Stocks slide, dollar gains on hot U.S. inflation data
The U.S. consumer price index increased 8.6% last month, the largest year-on-year increase since December 1981, the Labor Department said. Economists polled by Reuters had expected CPI to rise 8.3% annually.
Many economists and market participants expected the data to show inflation had peaked, but gasoline prices hit a record high, the cost of food soared and rental prices surged.
“It was pretty hot. This report suggests that underlying inflation pressures remain quite strong,” said Aichi Amemiya, senior U.S. economist at Nomura.
The dollar rose to a near four-week high against a basket of currencies, while U.S. Treasury prices tumbled and short- and intermediate-dated yields hit their highest levels in more than a decade. Two-year yields, which are highly sensitive to rate hikes, spiked to 3.047%, the highest since June 2008.
Stocks on Wall Street and in Europe fell more than 2% as investors feared central bank efforts to control inflation would be so harsh it would slow growth and squeeze corporate earnings.
The pan-European STOXX 600 index closed down 2.69% and MSCI’s gauge of global equity markets shed 2.45%.
On Wall Street, the Dow Jones Industrial Average fell 2.13%, the S&P 500 lost 2.33% and the Nasdaq Composite dropped 3.05%.
The S&P 500 is now down more than 18% from its Jan. 3 record closing peak, a drop that once again puts it close to confirming a bear market as defined by a 20% drop on a closing-price basis.
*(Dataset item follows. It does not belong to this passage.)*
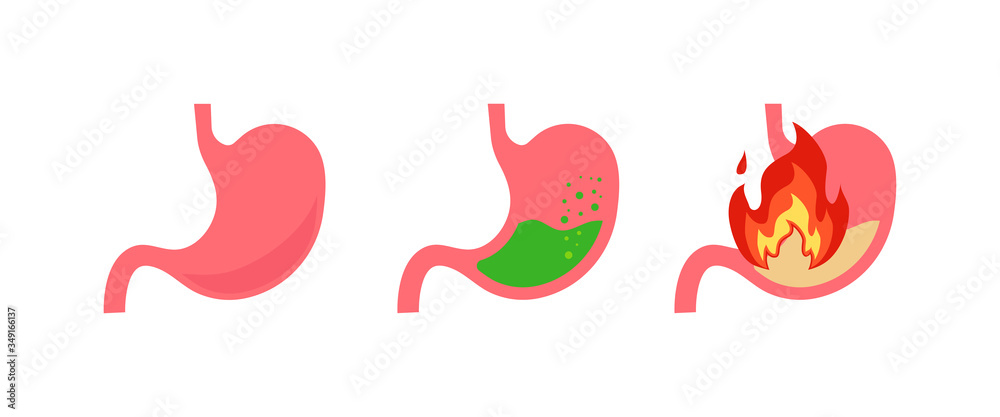 Stomach set vector for medicine. Isolated flat illustration Stomach set vector for medicine. Isolated flat illustration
The stronger-than-expected CPI data has changed the calculus for what the Fed does in September after “most-assuredly” raising rates 50 basis points next week and in July, said Art Hogan, chief market strategist at National Securities.
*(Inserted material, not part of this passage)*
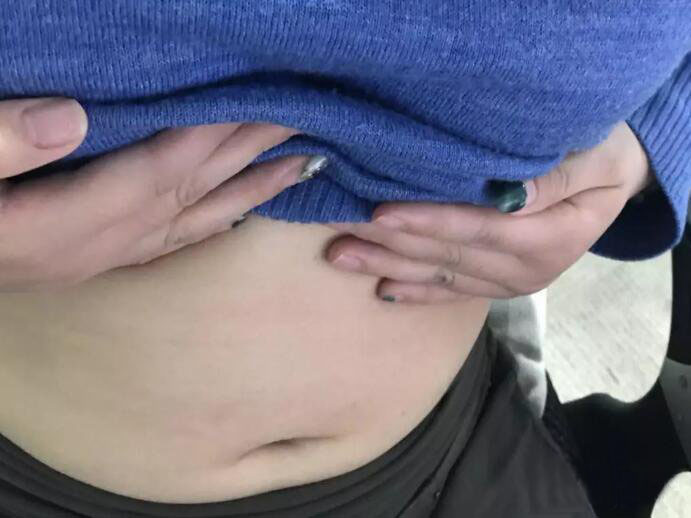 廣州尚美善造美容醫(yī)院醫(yī)生邵方做水動(dòng)力吸脂怎么樣？附案例效果圖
Analysts at Barclays now expect the Fed to deliver its first 75 basis point increase in 28 years next week.
Fed funds futures traders expect the Fed’s benchmark rate to increase to 3.64% next May, from 0.83% now.
The Fed still has a chance of engineering a softer landing as there’s mounting evidence a slowdown is happening, said Rhys Williams, chief strategist at Spouting Rock Asset Management.
“At least in the goods economy, there are signs that demand is really slowing,” Williams said. “Houses are on the market much longer, auto sales are not so hot and shipping rates have collapsed coming from Asia to here.”
Concerns also mounted about demand and growth in China, the world’s second-largest economy, after Shanghai and Beijing imposed new COVID-19 lockdown restrictions.
The yen rose off 20-year lows after Japanese policymakers made rare comments about its weakness. Japan’s government and central bank said they were concerned by recent sharp falls in the yen in a rare joint statement, the strongest warning to date that Tokyo could intervene to support the currency.
The yen has been plumbing 20-year lows against the dollar and seven-year troughs against the euro on expectations the BOJ will continue to lag other major central banks in exiting its stimulus policy.